Ben oltrepassa i limiti da cui era stato messo in guardia, cedendo alle emozioni e all'azzardo proprio quando ha alle calcagna un rabbioso e violento responsabile della sicurezza e individuatore di bari dei casinò (Laurence Fishburne). Uscirne sani e salvi sarà per i giovani giocatori la partita finale più dura.

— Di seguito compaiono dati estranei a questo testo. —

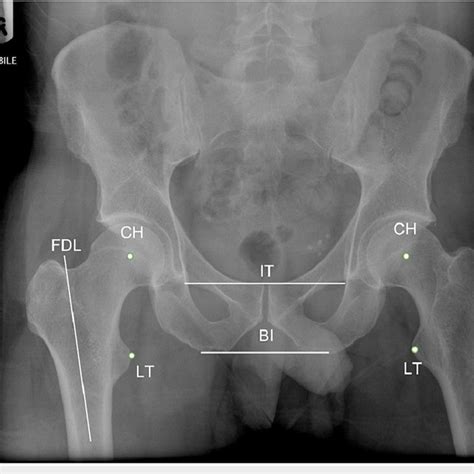 An Anteroposterior Ap Radiograph Of The Pelvis Shows The Different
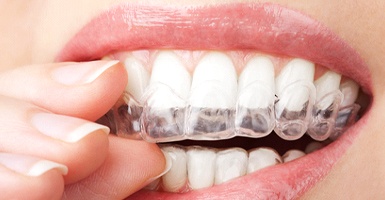 A woman putting in a teeth whitening tray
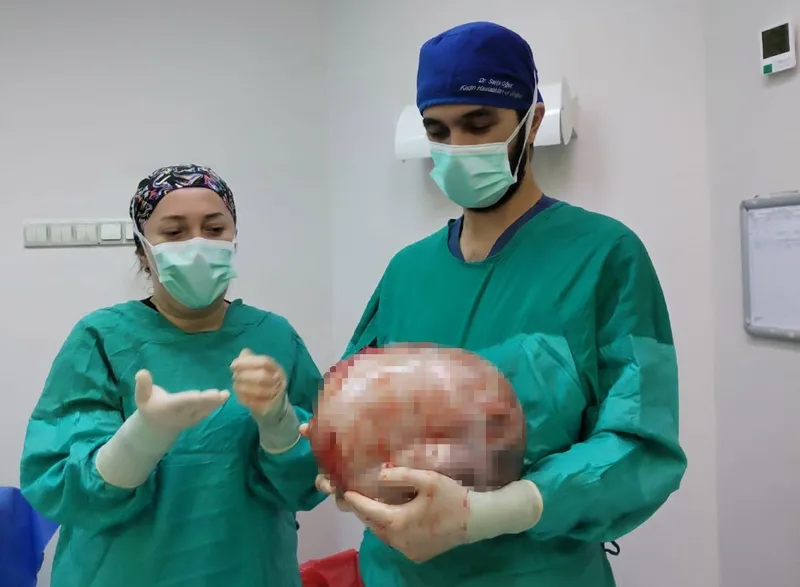 Karnı 2 ayda 9 aylık hamile gibi büyüyen kadının içinden karpuz kadar kitle çıkarıldı
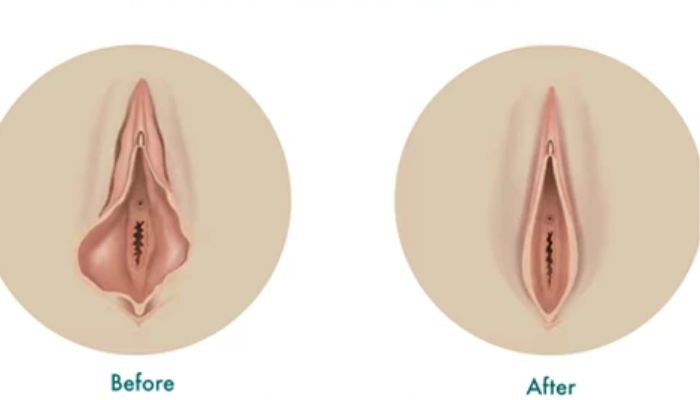 واژینوپلاستی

La regia di Robert Luketic (La rivincita delle bionde) sa mantenere la storia ad un alto ritmo di tensione e suspence e lo spettatore è introiettato nel gioco come se le immagini gli aprissero un accesso privilegiato sul tavolo verde, tra fiches e carte in movimento. Le luci sfavillanti e gli spettacolari scenari di Las Vegas rendono il racconto, ispirato a una storia realmente accaduta, ancora più eccitante. Le trasformazioni dei personaggi nel corso del film, sia nel look che negli atteggiamenti, sono affascinanti e tra gli interpreti principali è certamente da rimarcare il nuovo talento Jim Sturgess che, dopo aver cantato i Beatles nel musical di Julie Taymor, è finalmente pronto a sfondare a Hollywood.
In ogni partita ci sono regole da rispettare e un obiettivo da raggiungere, qui si gioca con le regole per superare ogni ragionevole traguardo. Va tutto troppo bene e si resta col fiato sospeso in attesa dell'inevitabile sconfitta o straordinaria vittoria.